Scraped caption text data
BEGIN

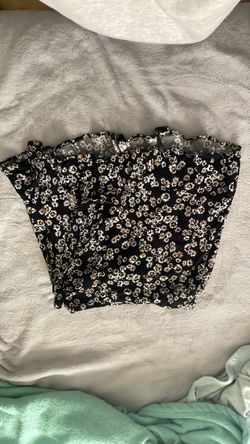 Black flowered skirt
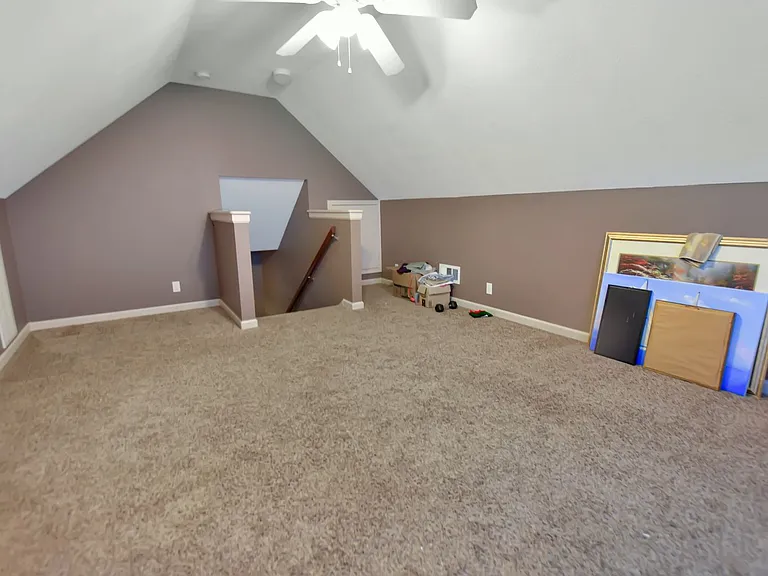 3896 Gaine Dr — Photo 17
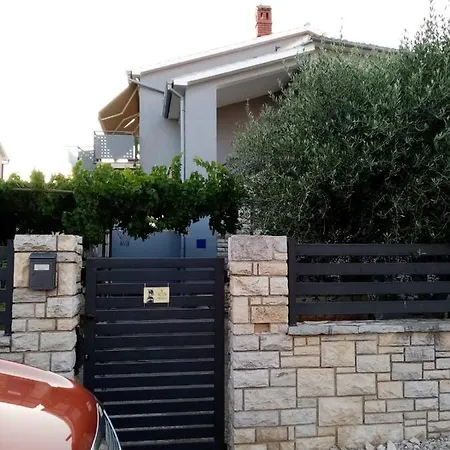 Sanda Apartman *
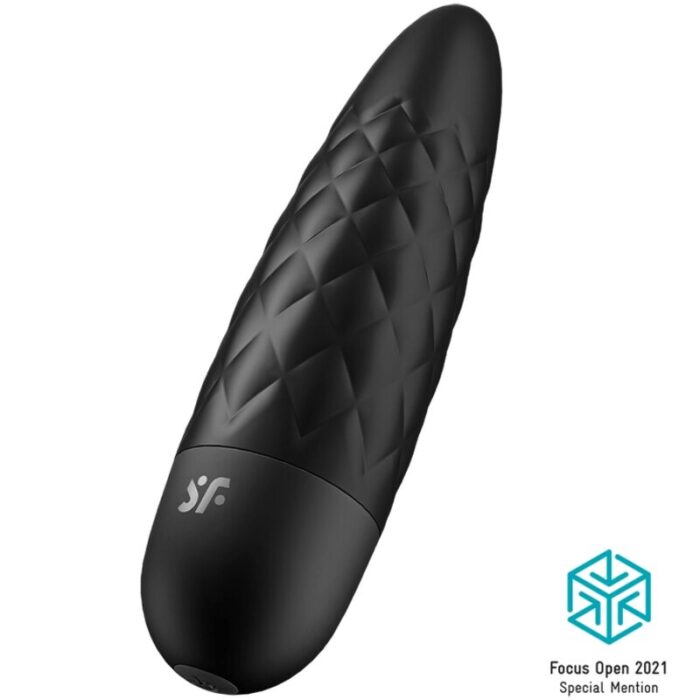The Ultra Power Bullet 5 knows how to thoroughly pleasure you with deep vibrations. Thanks to the quilted design and the voluminous shape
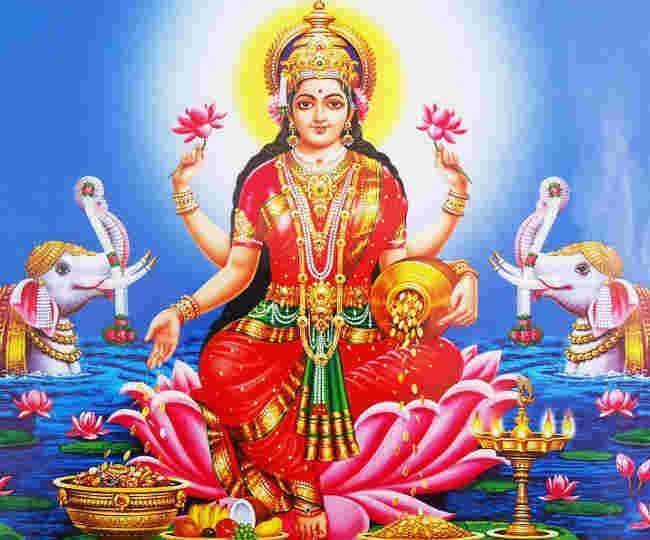 কোজাগরী লক্ষ্মীপুজোর আরাধনায় ব্যস্ত গৃহস্থেরা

END

Work instructions
If pictures appear in the data, do not print them; repeat the rest exactly.

Response area
 Black flowered skirt
 3896 Gaine Dr — Photo 17
 Sanda Apartman *
The Ultra Power Bullet 5 knows how to thoroughly pleasure you with deep vibrations. Thanks to the quilted design and the voluminous shape
 কোজাগরী লক্ষ্মীপুজোর আরাধনায় ব্যস্ত গৃহস্থেরা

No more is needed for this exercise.